By this time, a few people were standing in the churchyard and I could see the vicar by the door, talking to people as they came out. But now we knew when Nattie Stockton had last been seen and where h
e’d been going, there was no need to talk to the rest of the congregation.
I gave Gwilym a penny and went round the stables to tell Harry what I’d found out.
‘Reckitt said somebody’d twisted Stockton’s arm behind his back and forced his face into the water, right?’ I said. ‘But what if it wasn’t just one somebody? These three names keep coming up whenever we talk about Lizzie Rees and Nattie Stockton – Twm y Gof, Wil Llain and Dai Blaengwndwn. So maybe all three of them were involved.’ I could see him turning that over in his mind, working out if it fitted what we knew. ‘Think about the bruising on his body,’ I said. ‘It’s the kind of thing you’d expect if two people’d held him and a third had done the punching, right? So maybe once they’d finished punching him, they drowned him.’
Harry nodded, with that fixed look on his face that told me he was trying to see it all in his mind’s eye; walk through it.

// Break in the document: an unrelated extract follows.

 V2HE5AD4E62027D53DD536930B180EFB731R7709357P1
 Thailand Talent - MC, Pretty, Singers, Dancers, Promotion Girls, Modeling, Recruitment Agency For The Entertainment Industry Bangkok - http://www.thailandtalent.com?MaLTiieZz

‘If they intercepted him going over the fields, it does seem to add up.’ He sounded cautious. ‘If we can find a pond, and somewhere nearby where they might’ve hidden him, then I think it’d be worth calling the three of them to give evidence tomorrow.’
‘We’d need to stop them getting together beforehand and coming up with a pack of lies.’
Just then, I saw Llwyo walking up to the stables and saying something to the boy. ‘There’s my prime informant,’ I said. ‘Let’s go and ask him about ponds.’
* * *
Llwyo was not best pleased when he turned to see who was blocking the light and spotted the two of us standing in the doorway.
‘I think you’ve mistaken me for the town crier. I’ve told you everything I know about Lizzie Rees.’
I watched him hanging his jacket on a nail. He must live in the village, because he’d already changed out of his Sunday best into his working clothes. ‘It’s not Lizzie Rees we’re here to talk about,’ I said. ‘It’s the Englishman. Nathaniel Stockton.’
He picked up a shovel and scooped up a pile of shit that a big grey gelding had just dropped. ‘’Scuse me.’